Short text fragments from websites:
★ ★ ★ ★ ★ ★ ★
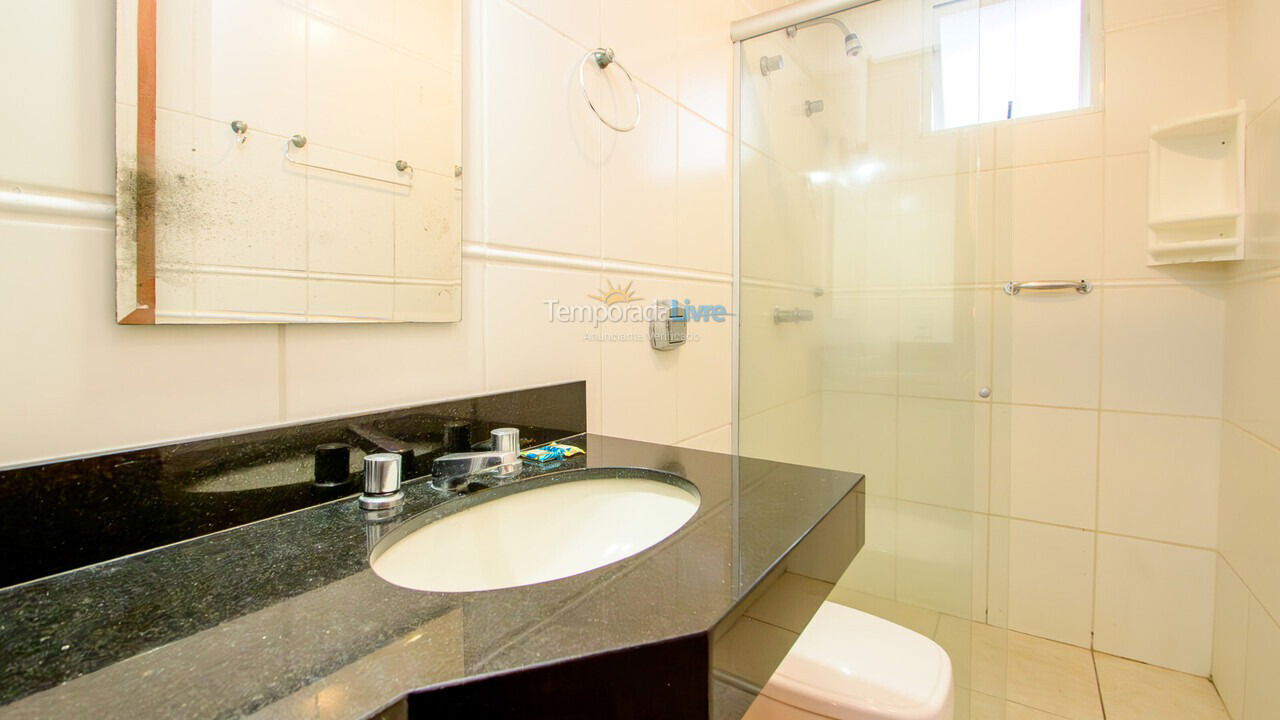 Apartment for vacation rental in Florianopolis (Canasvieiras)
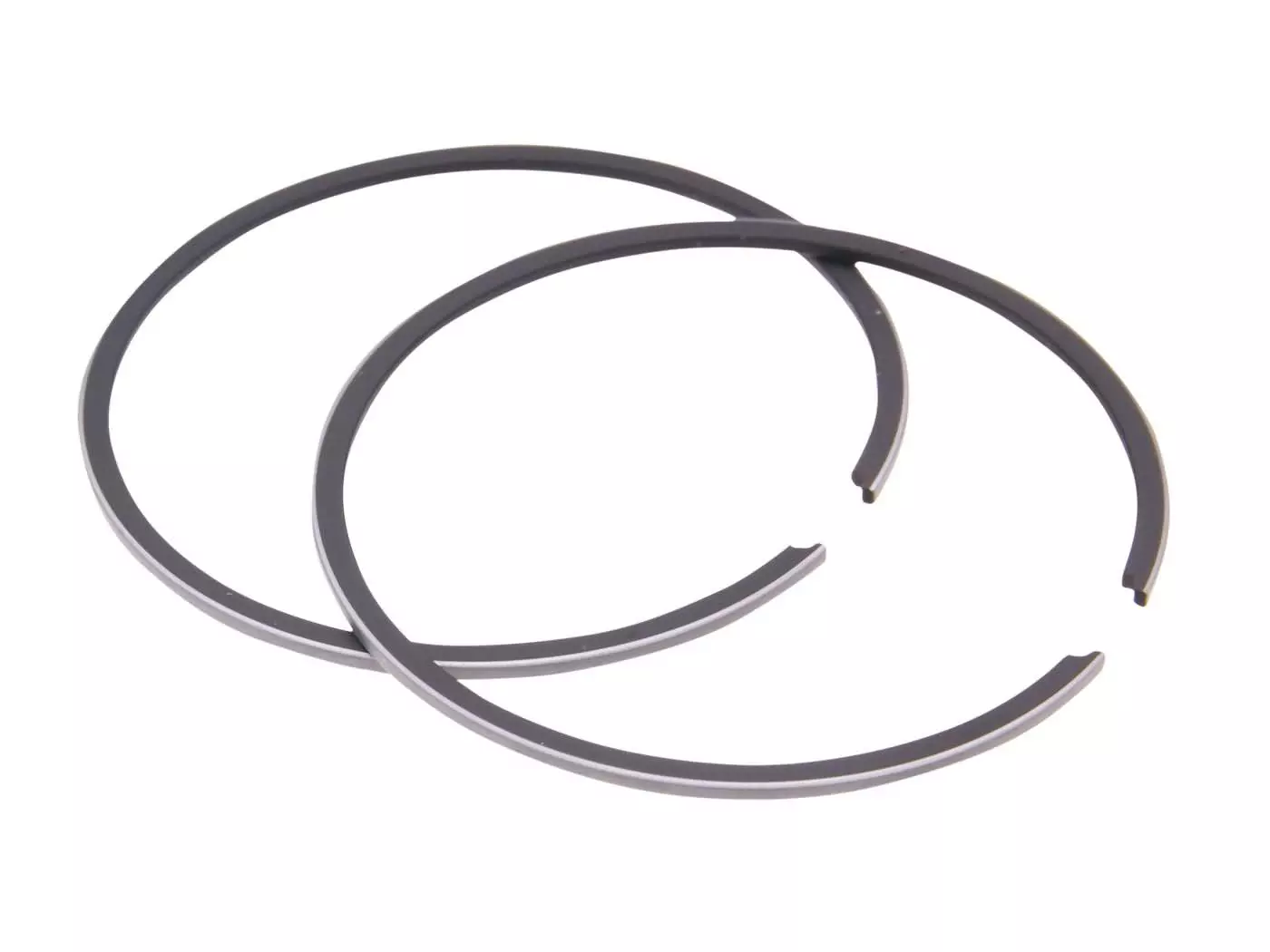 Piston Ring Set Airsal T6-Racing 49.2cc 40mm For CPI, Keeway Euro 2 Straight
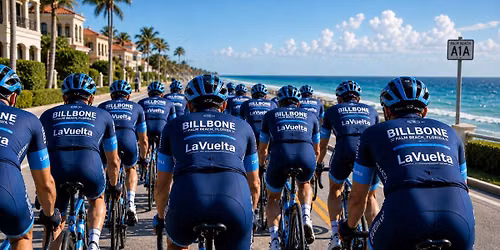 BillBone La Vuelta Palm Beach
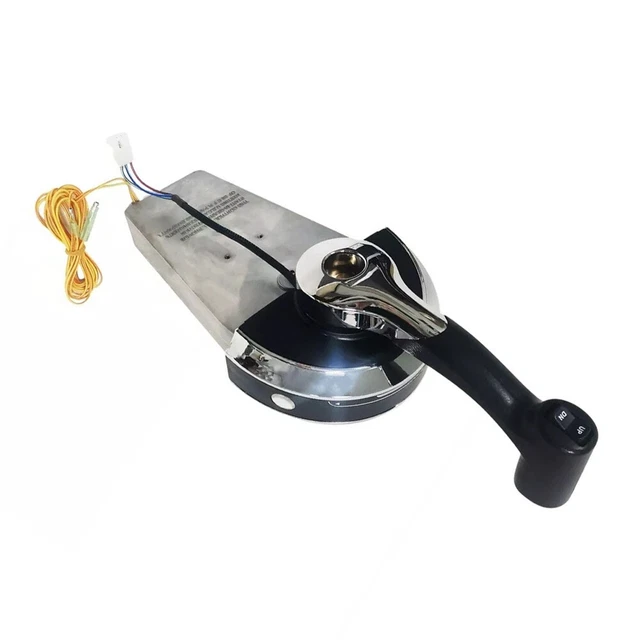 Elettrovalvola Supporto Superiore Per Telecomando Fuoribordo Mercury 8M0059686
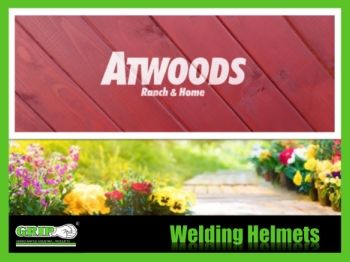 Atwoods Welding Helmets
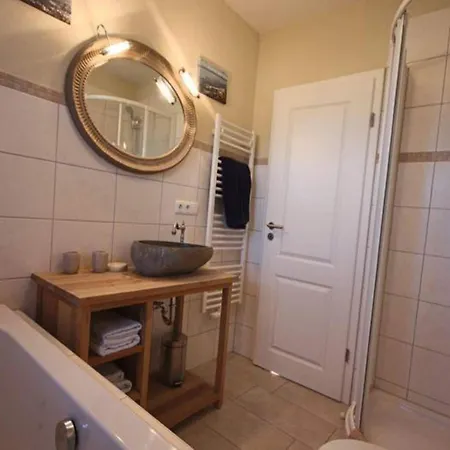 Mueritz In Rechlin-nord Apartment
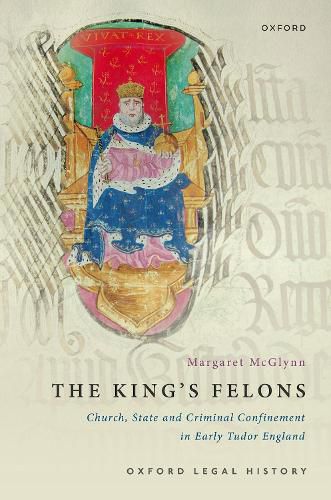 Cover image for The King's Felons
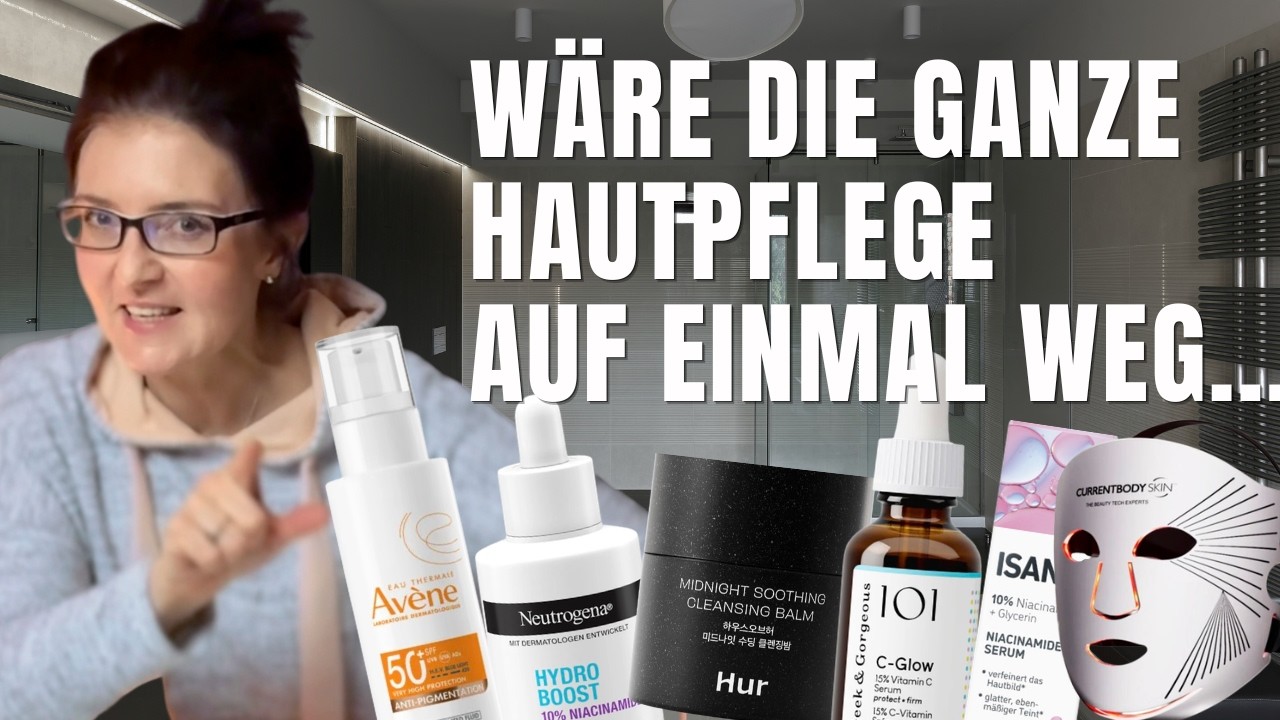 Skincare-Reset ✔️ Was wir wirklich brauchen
★ ★ ★ ★ ★ ★ ★
Exact reproduction of the entries above is what's needed; images stay out.

 Apartment for vacation rental in Florianopolis (Canasvieiras)
 Piston Ring Set Airsal T6-Racing 49.2cc 40mm For CPI, Keeway Euro 2 Straight
 BillBone La Vuelta Palm Beach
 Elettrovalvola Supporto Superiore Per Telecomando Fuoribordo Mercury 8M0059686
 Atwoods Welding Helmets
 Mueritz In Rechlin-nord Apartment
 Cover image for The King's Felons
 Skincare-Reset ✔️ Was wir wirklich brauchen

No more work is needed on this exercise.